== What you are asked to do ==
Repeat the records below line by line, exactly, finishing on the line that contains "Maximum distance between".

++++ Stored data

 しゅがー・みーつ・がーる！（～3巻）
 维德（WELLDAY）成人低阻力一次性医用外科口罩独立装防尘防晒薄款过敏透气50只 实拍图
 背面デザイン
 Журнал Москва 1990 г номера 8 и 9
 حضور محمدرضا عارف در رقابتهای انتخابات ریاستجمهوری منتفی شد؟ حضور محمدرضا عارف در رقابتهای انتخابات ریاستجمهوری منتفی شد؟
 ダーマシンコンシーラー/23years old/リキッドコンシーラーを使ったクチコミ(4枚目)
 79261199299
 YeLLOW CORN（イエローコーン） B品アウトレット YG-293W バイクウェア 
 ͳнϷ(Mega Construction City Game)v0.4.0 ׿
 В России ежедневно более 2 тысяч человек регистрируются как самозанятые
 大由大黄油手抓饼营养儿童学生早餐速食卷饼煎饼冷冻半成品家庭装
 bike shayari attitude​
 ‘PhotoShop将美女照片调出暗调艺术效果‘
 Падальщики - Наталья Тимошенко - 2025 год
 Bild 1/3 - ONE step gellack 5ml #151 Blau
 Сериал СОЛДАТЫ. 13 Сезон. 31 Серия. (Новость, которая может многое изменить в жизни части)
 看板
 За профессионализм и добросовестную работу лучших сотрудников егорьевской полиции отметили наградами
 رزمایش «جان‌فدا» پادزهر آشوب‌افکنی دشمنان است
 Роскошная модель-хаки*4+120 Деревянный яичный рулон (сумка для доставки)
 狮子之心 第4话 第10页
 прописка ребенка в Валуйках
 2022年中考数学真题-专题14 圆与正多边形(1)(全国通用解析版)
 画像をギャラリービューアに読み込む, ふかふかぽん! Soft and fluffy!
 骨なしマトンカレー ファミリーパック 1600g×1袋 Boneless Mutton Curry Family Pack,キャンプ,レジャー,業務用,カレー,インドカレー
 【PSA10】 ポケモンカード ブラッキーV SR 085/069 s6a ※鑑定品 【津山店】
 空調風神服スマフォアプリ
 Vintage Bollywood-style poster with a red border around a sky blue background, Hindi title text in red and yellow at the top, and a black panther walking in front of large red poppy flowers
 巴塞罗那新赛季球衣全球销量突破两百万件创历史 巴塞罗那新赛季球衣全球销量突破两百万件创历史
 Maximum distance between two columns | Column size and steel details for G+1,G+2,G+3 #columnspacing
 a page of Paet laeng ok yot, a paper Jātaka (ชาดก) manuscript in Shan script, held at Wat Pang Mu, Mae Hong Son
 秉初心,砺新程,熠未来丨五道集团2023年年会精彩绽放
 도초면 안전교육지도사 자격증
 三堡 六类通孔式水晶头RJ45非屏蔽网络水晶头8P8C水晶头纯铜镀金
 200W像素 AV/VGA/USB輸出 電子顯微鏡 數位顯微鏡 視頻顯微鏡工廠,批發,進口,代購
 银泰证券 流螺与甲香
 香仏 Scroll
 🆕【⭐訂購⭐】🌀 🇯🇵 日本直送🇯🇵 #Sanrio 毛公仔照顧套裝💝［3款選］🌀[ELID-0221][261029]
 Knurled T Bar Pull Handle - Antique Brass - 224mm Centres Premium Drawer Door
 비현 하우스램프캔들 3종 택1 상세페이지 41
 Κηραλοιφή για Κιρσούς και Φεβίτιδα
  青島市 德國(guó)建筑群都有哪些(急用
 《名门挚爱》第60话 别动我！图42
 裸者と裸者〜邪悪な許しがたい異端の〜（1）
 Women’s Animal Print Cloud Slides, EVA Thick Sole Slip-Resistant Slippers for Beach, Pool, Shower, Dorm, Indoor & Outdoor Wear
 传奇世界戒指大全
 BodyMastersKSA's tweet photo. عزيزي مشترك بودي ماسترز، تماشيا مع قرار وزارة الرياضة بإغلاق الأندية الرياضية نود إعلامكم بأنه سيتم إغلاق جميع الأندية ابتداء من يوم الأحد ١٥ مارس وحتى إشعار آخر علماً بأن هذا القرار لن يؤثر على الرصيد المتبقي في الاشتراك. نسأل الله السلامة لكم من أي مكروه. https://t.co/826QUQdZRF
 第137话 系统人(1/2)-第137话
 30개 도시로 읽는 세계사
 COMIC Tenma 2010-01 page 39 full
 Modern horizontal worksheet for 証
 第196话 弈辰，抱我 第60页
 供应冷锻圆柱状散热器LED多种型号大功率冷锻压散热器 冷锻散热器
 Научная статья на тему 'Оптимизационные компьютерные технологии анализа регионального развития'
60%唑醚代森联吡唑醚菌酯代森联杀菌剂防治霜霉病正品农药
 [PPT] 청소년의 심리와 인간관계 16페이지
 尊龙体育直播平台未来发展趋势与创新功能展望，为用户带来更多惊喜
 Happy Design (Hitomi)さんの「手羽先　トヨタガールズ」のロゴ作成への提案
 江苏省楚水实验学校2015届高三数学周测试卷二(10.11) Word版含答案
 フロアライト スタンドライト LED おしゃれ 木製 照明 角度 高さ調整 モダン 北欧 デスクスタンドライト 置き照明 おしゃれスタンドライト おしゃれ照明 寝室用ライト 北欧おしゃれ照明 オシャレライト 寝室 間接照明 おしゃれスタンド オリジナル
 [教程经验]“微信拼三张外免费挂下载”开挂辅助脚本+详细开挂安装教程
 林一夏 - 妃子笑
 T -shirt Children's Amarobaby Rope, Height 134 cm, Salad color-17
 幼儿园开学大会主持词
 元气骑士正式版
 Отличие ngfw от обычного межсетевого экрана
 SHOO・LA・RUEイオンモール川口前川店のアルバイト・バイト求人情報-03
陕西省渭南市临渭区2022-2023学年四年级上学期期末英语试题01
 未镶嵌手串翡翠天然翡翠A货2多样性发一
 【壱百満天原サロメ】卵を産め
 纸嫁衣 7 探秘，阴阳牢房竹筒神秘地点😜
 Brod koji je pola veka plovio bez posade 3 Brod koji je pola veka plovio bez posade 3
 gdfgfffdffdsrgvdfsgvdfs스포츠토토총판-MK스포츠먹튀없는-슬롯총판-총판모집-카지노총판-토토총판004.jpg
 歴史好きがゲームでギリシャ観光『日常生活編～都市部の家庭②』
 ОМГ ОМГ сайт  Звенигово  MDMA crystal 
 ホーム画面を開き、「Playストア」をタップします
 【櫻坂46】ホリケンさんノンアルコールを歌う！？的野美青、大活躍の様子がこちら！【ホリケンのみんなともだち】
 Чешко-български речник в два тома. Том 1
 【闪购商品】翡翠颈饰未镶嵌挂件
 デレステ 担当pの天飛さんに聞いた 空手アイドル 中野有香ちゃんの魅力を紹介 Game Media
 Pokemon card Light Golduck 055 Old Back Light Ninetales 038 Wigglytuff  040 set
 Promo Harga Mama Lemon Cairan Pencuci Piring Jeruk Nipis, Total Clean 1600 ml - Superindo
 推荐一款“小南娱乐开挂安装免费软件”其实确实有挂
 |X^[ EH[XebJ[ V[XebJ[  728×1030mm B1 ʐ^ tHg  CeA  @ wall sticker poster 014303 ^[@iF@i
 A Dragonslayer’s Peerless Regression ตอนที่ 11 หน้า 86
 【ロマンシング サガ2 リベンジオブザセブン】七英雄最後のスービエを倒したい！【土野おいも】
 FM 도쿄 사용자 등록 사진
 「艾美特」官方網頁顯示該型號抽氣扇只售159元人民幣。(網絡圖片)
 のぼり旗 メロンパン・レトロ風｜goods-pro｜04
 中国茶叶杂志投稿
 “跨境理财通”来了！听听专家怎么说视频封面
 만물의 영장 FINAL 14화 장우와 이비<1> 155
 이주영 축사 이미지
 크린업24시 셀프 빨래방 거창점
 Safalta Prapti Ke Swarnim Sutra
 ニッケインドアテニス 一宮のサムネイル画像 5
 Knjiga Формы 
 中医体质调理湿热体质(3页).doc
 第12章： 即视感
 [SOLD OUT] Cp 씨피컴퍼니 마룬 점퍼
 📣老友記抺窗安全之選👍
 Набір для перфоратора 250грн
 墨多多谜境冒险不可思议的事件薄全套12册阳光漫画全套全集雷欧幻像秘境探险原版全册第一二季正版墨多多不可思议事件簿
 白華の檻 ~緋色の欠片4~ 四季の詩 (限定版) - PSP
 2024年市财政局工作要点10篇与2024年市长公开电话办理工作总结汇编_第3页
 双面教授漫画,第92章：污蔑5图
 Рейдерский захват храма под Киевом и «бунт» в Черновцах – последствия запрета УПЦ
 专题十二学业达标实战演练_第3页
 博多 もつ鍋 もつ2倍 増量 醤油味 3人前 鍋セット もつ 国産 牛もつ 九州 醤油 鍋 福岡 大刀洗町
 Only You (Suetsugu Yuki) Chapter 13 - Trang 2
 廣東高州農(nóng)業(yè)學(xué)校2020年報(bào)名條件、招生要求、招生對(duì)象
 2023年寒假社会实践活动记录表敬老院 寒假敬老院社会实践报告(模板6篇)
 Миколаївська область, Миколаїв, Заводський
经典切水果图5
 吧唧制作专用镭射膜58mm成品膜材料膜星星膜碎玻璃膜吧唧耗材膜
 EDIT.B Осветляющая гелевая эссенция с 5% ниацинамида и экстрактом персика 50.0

++++++++

== Expected answer ==
 しゅがー・みーつ・がーる！（～3巻）
 维德（WELLDAY）成人低阻力一次性医用外科口罩独立装防尘防晒薄款过敏透气50只 实拍图
 背面デザイン
 Журнал Москва 1990 г номера 8 и 9
 حضور محمدرضا عارف در رقابتهای انتخابات ریاستجمهوری منتفی شد؟ حضور محمدرضا عارف در رقابتهای انتخابات ریاستجمهوری منتفی شد؟
 ダーマシンコンシーラー/23years old/リキッドコンシーラーを使ったクチコミ(4枚目)
 79261199299
 YeLLOW CORN（イエローコーン） B品アウトレット YG-293W バイクウェア 
 ͳнϷ(Mega Construction City Game)v0.4.0 ׿
 В России ежедневно более 2 тысяч человек регистрируются как самозанятые
 大由大黄油手抓饼营养儿童学生早餐速食卷饼煎饼冷冻半成品家庭装
 bike shayari attitude​
 ‘PhotoShop将美女照片调出暗调艺术效果‘
 Падальщики - Наталья Тимошенко - 2025 год
 Bild 1/3 - ONE step gellack 5ml #151 Blau
 Сериал СОЛДАТЫ. 13 Сезон. 31 Серия. (Новость, которая может многое изменить в жизни части)
 看板
 За профессионализм и добросовестную работу лучших сотрудников егорьевской полиции отметили наградами
 رزمایش «جان‌فدا» پادزهر آشوب‌افکنی دشمنان است
 Роскошная модель-хаки*4+120 Деревянный яичный рулон (сумка для доставки)
 狮子之心 第4话 第10页
 прописка ребенка в Валуйках
 2022年中考数学真题-专题14 圆与正多边形(1)(全国通用解析版)
 画像をギャラリービューアに読み込む, ふかふかぽん! Soft and fluffy!
 骨なしマトンカレー ファミリーパック 1600g×1袋 Boneless Mutton Curry Family Pack,キャンプ,レジャー,業務用,カレー,インドカレー
 【PSA10】 ポケモンカード ブラッキーV SR 085/069 s6a ※鑑定品 【津山店】
 空調風神服スマフォアプリ
 Vintage Bollywood-style poster with a red border around a sky blue background, Hindi title text in red and yellow at the top, and a black panther walking in front of large red poppy flowers
 巴塞罗那新赛季球衣全球销量突破两百万件创历史 巴塞罗那新赛季球衣全球销量突破两百万件创历史
 Maximum distance between two columns | Column size and steel details for G+1,G+2,G+3 #columnspacing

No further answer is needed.